Milnacipran HCl (Savella®) — Safety Warning
The FDA issued a February 2010 warning to alert practitioners that a potentially life-threatening reaction can occur with SNRIs and SSRIs, including Milnacipran HCl (Savella), which was approved in 2009 for the treatment of fibromyalgia symptoms. Serotonin syndrome symptoms or neuroleptic malignant syndrome-like reactions can include changes in mental status, neuromuscular aberrations, autonomic instability, or gastrointestinal symptoms. Reports have been primarily associated with concomitant use of dopamine antagonists. Read the FDA safety warning and the new label, approved in May 2010.

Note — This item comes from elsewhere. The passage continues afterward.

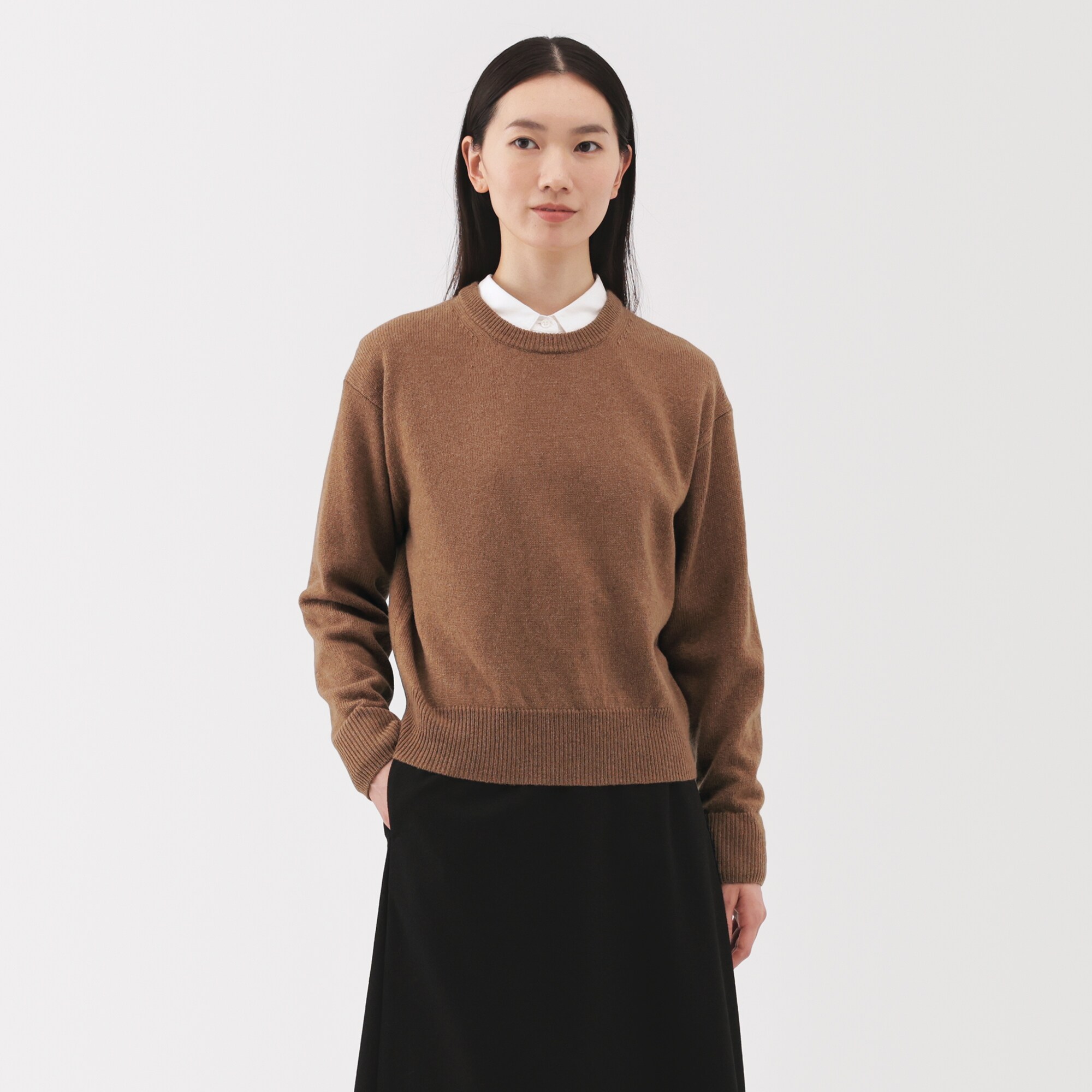 婦人　洗えるウールミドルゲージクルーネックセーター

Tramadol HCl (Ultram®) and Tramadol HCl/acetaminophen (Ultracet®) — Suicide Warning
The FDA and PriCara, the maker of 2 formulations of tramadol — a centrally-acting synthetic opioid analgesic — announced that a warning of suicide risk has been added to the labels of Ultram and Ultracet. The drugs are used for the management of moderate to moderately severe chronic pain. Following reports of tramadol-related deaths in patients with emotional disturbances, suicidal ideation, or histories of drug or alcohol misuse, the revised label instructs prescribers to use caution in patients with similar histories. Tramadol can intensify the effects of other opioids, alcohol, or illicit drugs that cause central nervous system depression. See the FDA notice and “Dear Healthcare Professional” letters for each product for further information.

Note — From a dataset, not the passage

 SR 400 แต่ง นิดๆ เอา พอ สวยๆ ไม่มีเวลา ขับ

Proton Pump Inhibitors (PPIs) — Class-wide Labeling Revision The FDA announced a May 2010 safety revision to the prescription and over-the-counter (OTC) labels for the class of drugs known as proton pump inhibitors (PPIs). The new warning cautions healthcare providers and consumers of a possible increased risk of fractures of the hip, wrist, and spine with the use of these medications — including Nexium®, Prilosec,® Prevacid®, Protonix®, Aciphex®, Vimovo™, Dexilant™, and Zegerid® formulations. This is an important concern for patients taking PPIs to manage gastroesophageal reflux disease or for those taking a proton pump inhibitor as gastroprotective therapy when using nonsteroidal anti-inflammatory drugs (NSAIDs) for chronic pain and inflammation. Analysis of several studies, primarily of adults 50 years of age and older, showed that people who had been taking high-dose prescription PPIs or used them for at least one year had the greatest increased risk of fracture. Healthcare providers are encouraged to consider the risk-benefit ratio and evaluate the potential value of a lower dose or shorter course of therapy on a case-by-case basis. For complete information, including the epidemiological study references supporting the fracture risk evaluation, see the FDA safety communication.
Note: In March 2011, the FDA reversed their decision and decided that a warning on OTC PPI products regarding bone fracture was unwarranted. See FDA notice [here].